The Arctic traveler sees the auroral displays as faint curtains of blue-green light stretching across the sky. Sometimes stationary, sometimes slowly swaying back and forth as from a light breeze. Often with considerable detail, where distinct columns of light stretch upward the entire height of the curtain. Features are sometimes so clear and sharp, these curtains appear to be only a few miles away. Our view is somewhat that of an ant looking up at the curtains of a huge stage.
But when we look at the subject in more detail, we find that the bottoms of these majestic curtains are some 100 km above us. The tops of the curtains stretch upwards yet another some 200 to 300 km. The aurora is the largest terrestrial structure we can see from the surface of the earth. And a curtain or series of curtains can extend from the eastern horizon to the western horizon. Satellite studies have photographed a single curtain stretching from Alaska to Hudson Bay, literally across the entire North American continent.

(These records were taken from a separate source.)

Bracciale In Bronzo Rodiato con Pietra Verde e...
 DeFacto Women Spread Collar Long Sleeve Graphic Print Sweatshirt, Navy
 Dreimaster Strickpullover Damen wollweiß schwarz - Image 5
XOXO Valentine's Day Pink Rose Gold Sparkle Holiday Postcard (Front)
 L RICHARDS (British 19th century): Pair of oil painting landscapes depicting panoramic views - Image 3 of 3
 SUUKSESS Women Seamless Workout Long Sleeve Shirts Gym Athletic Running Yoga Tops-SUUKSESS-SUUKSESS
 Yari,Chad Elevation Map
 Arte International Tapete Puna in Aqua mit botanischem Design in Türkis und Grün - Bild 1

But this magnificent visual display we see is really only a small, almost insignificant, side effect of the big show. Which starts out as a flux of subatomic particles flowing out from the sun, especially during solar flares. A very small fraction of those particles get caught by the earth's magnetic field. These particles are focused and spiral down along the earth's lines of magnetic force towards the North and South poles. As the particles come closer to the surface of the earth, the magnetic field becomes stronger and the spiral becomes tighter and tighter.
A basic law of physics is that changing the direction of motion of a charged particle in a magnetic field causes it to give off electromagnetic radiation - which in turn agitates some nitrogen atoms and they retaliate by radiating light at 5577 angstroms - hence the blue-green auroral signature color. Eventually the spiral becomes so tight something has to give and the particles get reflected and begin spiralling back up along the magnetic lines. They then cross the equator some 50,000 to 100,000 km up and then spiral back down toward the other pole where, a few minutes later, they perform the same frenetic dance and produce another similar spectacular display. After bouncing back and forth from pole to pole several times, and loosing a bit more energy each time, they fade away and let another group come in to continue the performance.